另一部分是拳擊界的保守派,覺得女人打拳有傷風化。
寧夏趴在我身邊,被風吹得有些蔫。
「我……隻是覺得他很可憐。」
她把臉埋在臂彎裡,聲音悶悶的。
「他那麼有才華,卻有那麼痛苦的過去。像他那麼好的人,不應該被那樣對待……」
我有些驚訝,沒想到是這個原因。
寧夏的心思太淺,什麼都寫在臉上。
透過她被風沙迷住的眼,我忽然懂了。
「你不是喜歡他,你是同情他。」
「或者說,
你在他身上,看到了自己的影子?」
「我才沒有!」她激動地反駁。
我拍了拍她的背,讓她冷靜。
「你知道嗎?許嘉言他,一點都不可憐。」
我望著漫天黃沙,輕聲說:
「他生在羅馬,享受著最好的教育和資源。」
「他所謂的痛苦,不過是少年時無病呻吟的感傷。」
「他畫裡的破碎感,不是源於他自己,而是源於他打碎的東西。」
「比如,我。」
風勢漸小,寧夏抬起頭,呆呆地看著我。
「你知道我為什麼給自己取名叫夜梟嗎?」
她搖搖頭。
「因為我爸媽總罵我,說我生在晚上,像貓頭鷹,不吉利,克他們。」
「他們更喜歡我弟弟,因為他生在白天,是家裡的太陽。
」
「他們覺得,太陽就應該得到一切。」
「而我這隻活在黑夜裡的貓頭鷹,就不配擁有光。」
「許嘉言也是這樣想的。他覺得他是太陽,而我,隻是他心血來潮抓來解悶的夜鳥。」
「他想讓我唱歌,我就得唱。」
「想把我關起來,我就得待在籠子裡。」
「可是寧夏,憑什麼呢?」
我撐著地坐起來,直視她的眼睛。
「憑什麼太陽就理所應當擁有一切,而夜梟就隻能在黑暗裡無聲無息地S去?」
「我打拳,不是為了傷害誰。
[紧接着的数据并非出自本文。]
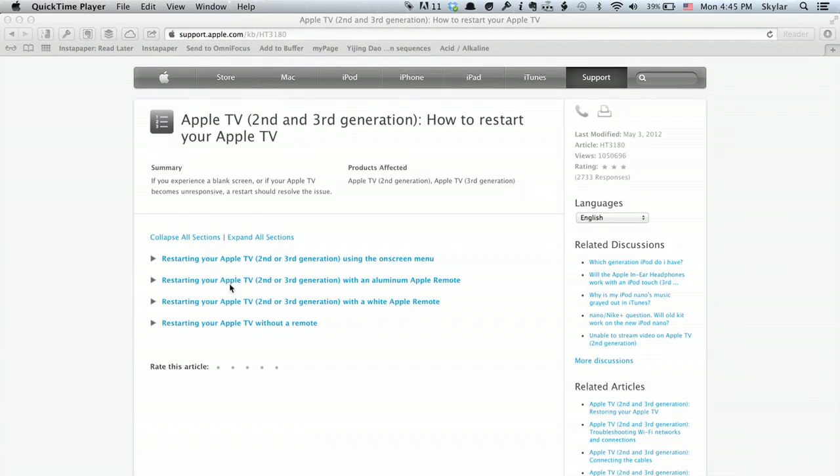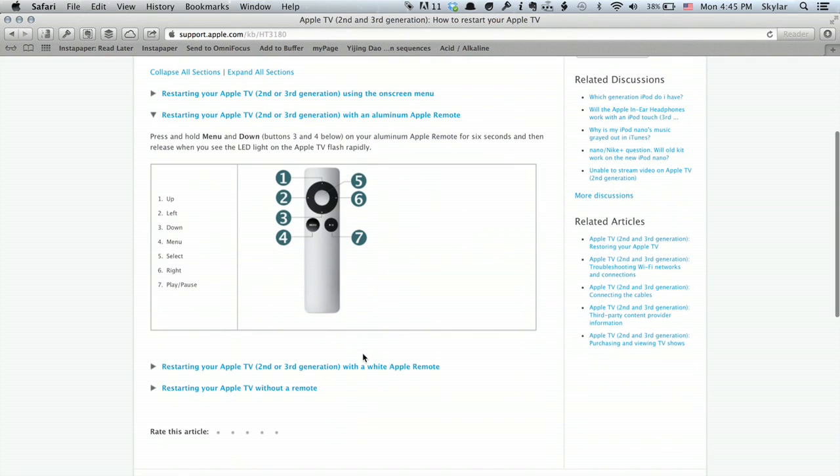There's a walkthrough of this at support.com/kb/ht3180. There are a number of different things listed here. So let's say you've got a second or third generation Apple TV and you've got an aluminum Apple remote. I'm going to click this little triangle and it's going to drop down — exactly what to do.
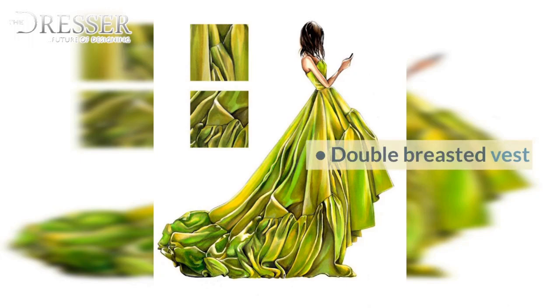Classic Vest, Double Breasted Vest, Classic Coat, Princess Line Coat, Coat with Draped Collar, Coat with Raglan Sleeve, Coat with Yoke Raglan.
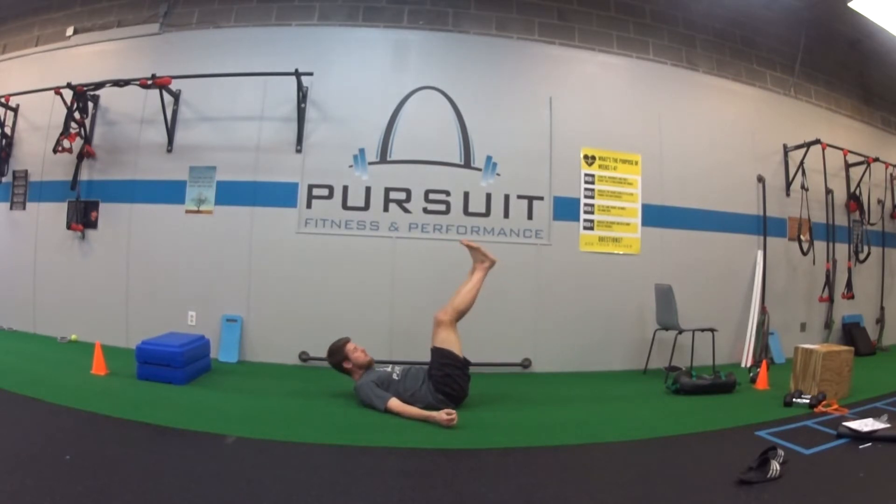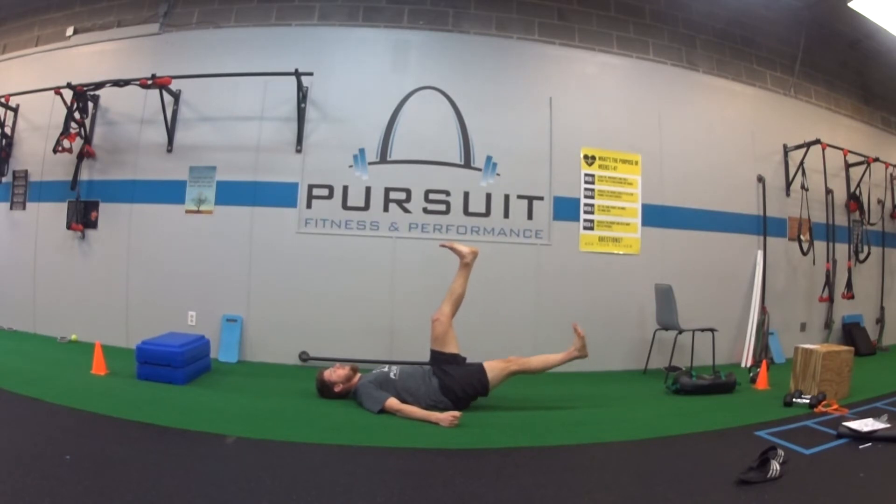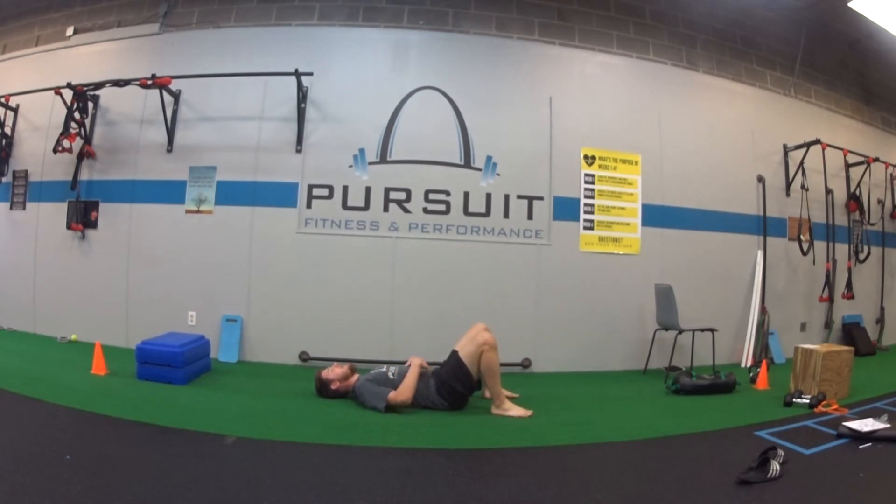For our straight leg lower, grab both legs up nice and straight in the air, low back into the ground. This is the starting position. We're gonna exhale and blow the legs down, inhale on the way back up. So exhale on the way down, inhale on the way back up.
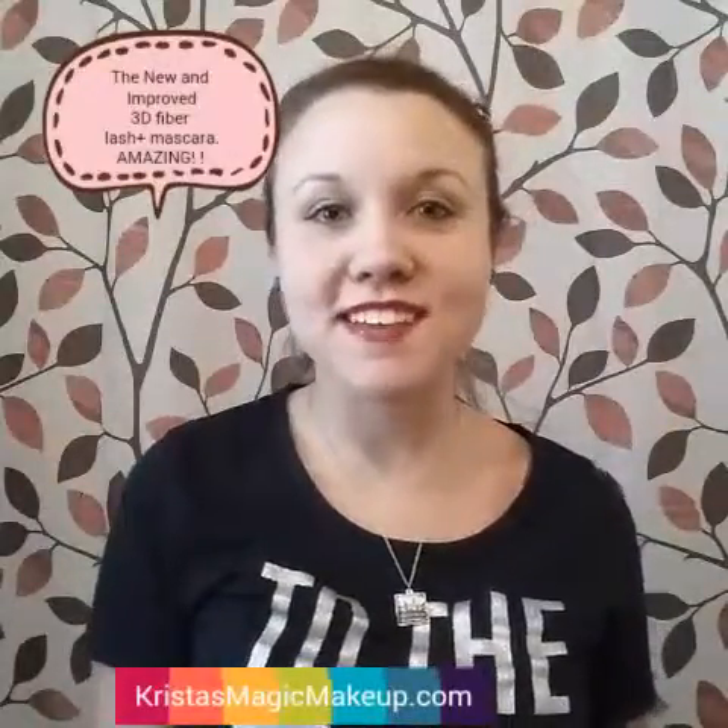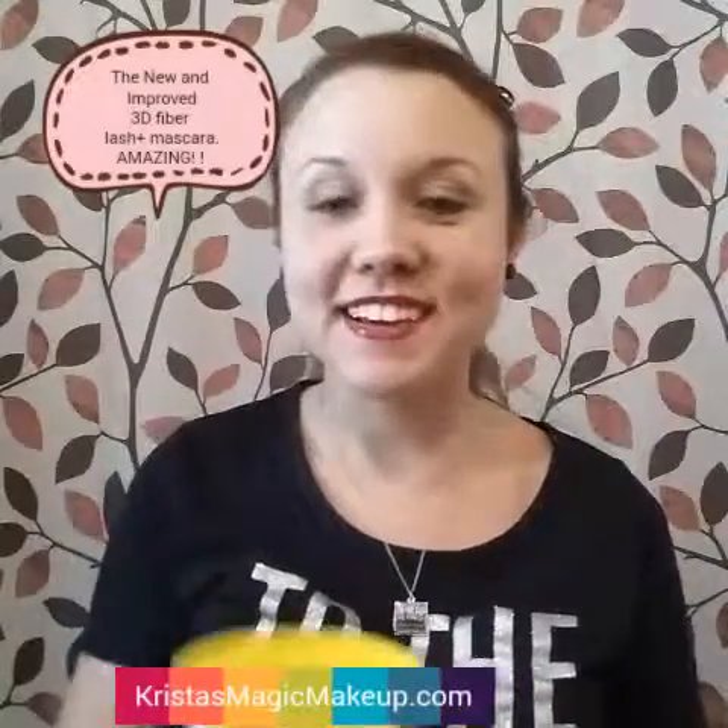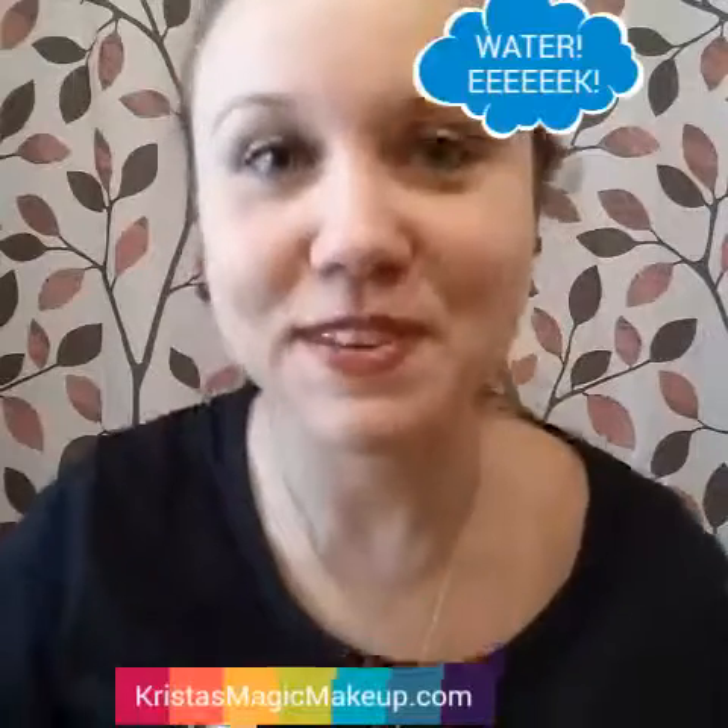I'm going to pour water on my face and see if it's water resistant. Here's my cup of water. I'm going to pour it on my face right now, so bear with me.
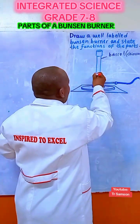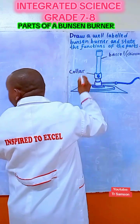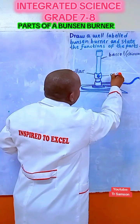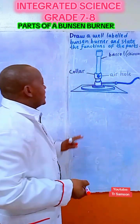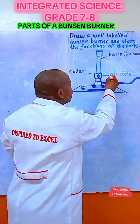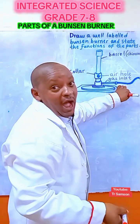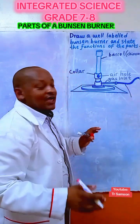This is the collar. And we have the air hole. Air hole. Next is the gas inlet. This is the gas inlet. And the rubber tubing. The rubber tubing.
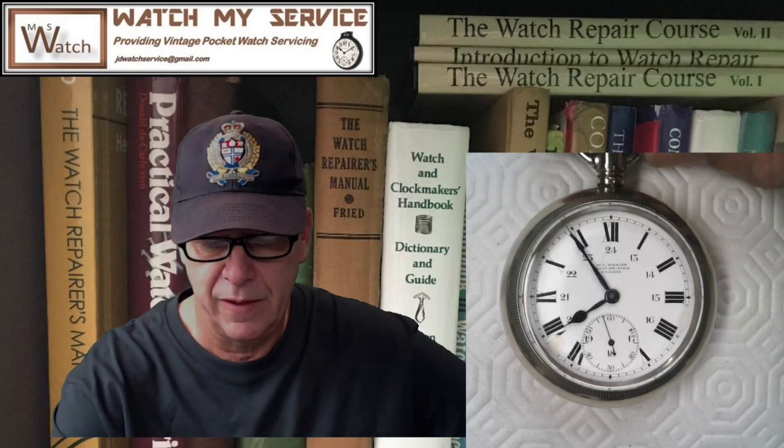Hey, I'm JD and welcome to my channel. Today we're going to do a step-by-step breakdown, cleaning, and reassembly of this very nice old Omega pocket watch. It says 'W.L. Whalen, Sault St. Marie, Canada.' This is the one I was talking about in my last video — I believe it was re-cased by a jeweler who bought the Omega movement from Switzerland and the case probably from the US.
」
「我隻是想告訴他們,夜梟也能用自己的方式,劃破黑夜,見到黎明。」
黃沙漸漸散去,一線微光從雲層中掙扎著透出。
寧夏看著我,看著我滿是傷痕的臉,
和那雙在風沙中依舊亮得嚇人的眼睛。
眼淚終於無聲地砸了下來,越流越兇。
7
顯然,寧夏覺得我在講故事。
「那你為什麼不報警?為什麼不告訴別人許嘉言對你做的事?說出來,肯定會有人幫你的!」
風暴過後,她一邊幫我處理胳膊上的刮傷,一邊替我鳴不平。
為什麼?
我扯了扯嘴角,滿是自嘲。
因為沒人會信。
一個劣跡斑斑的賭鬼女兒。
一個品學兼優的企業家兒子,人們會相信誰?
更何況我那個懦弱的母親,在我逃走後,就對外宣稱我跟不三不四的人跑了,是自己不學好。
他們要保護家裡的太陽,隻能犧牲我這個不祥的女兒。
喉間的惡心感一陣陣翻湧,
我忽然有了傾訴的欲望。
「我給你講講我師父的故事吧。」
「就是那個教你打拳的人?」
寧夏嘴上不屑,身體卻誠實地靠了過來。
我師父叫強哥,外號瘋狗強。
他不是什麼好人,混社會,打黑拳。
開了家半S不活的地下拳館,收留一些像我一樣無家可歸的野狗。
他第一次見我,是在一個大雨天。
我剛從家裡跑出來,身無分文,又冷又餓,縮在他拳館的屋檐下發抖。
他叼著煙,居高臨下地打量我,像在看一隻流浪貓。
「哪來的小丫頭?哭喪呢?」
我沒理他,隻是SS瞪著他。
他被我眼裡的狠勁逗笑了。
「喲,脾氣不小。想打架?你這身板,不夠我一拳。」
我依舊不說話,
隻是握緊了拳頭。
他掐了煙,突然正色道:
「想不想報仇?想不想把欺負你的人,全都打得跪地求饒?」
我愣住了。
他朝拳館裡揚了揚下巴。
「跟我進來,我教你打拳。」
「在這裡,沒人管你爹是誰,沒人管你從哪來。拳頭,就是唯一的道理。」
就這樣,我成了他拳館裡唯一的女弟子。
強哥真的很嚴。
他讓我忘了以前學的軟綿綿的舞蹈。
每天天不亮就開始訓練,跑步、跳繩、打沙袋,直到深夜。
有好幾次,我都以為自己要S在拳臺上了。
那時我沒外號,師兄們都背地裡叫我小瘸子。
因為我摔斷的腿還沒好利索。
他們賭我什麼時候會哭著跑掉。
師父撞見過兩次,氣得把那幾個師兄吊在沙袋上打了一頓。
「誰他媽再敢叫她小瘸子,老子就打斷他的腿!」
他指著我,對所有人吼:
「她叫夜梟!是我瘋狗強的徒弟!以後誰敢欺負她,就是跟我過不去!」
夜梟,在黑夜裡捕食的猛禽。
我的師父,給了我一個新的名字。
「後來呢?」見我停下,寧夏急切地追問。
「後來,我開始打比賽,從業餘打到職業,從國內打到國外。」
「再之後的事,你應該都知道了。」
我喉嚨發緊,身體的忍耐已經逼近極限。
黑暗中,寧夏抓緊我的手。
「我問的是你師父!你成名之後就不管他了?」
「怎麼會。」我輕笑,眼眶卻開始發熱。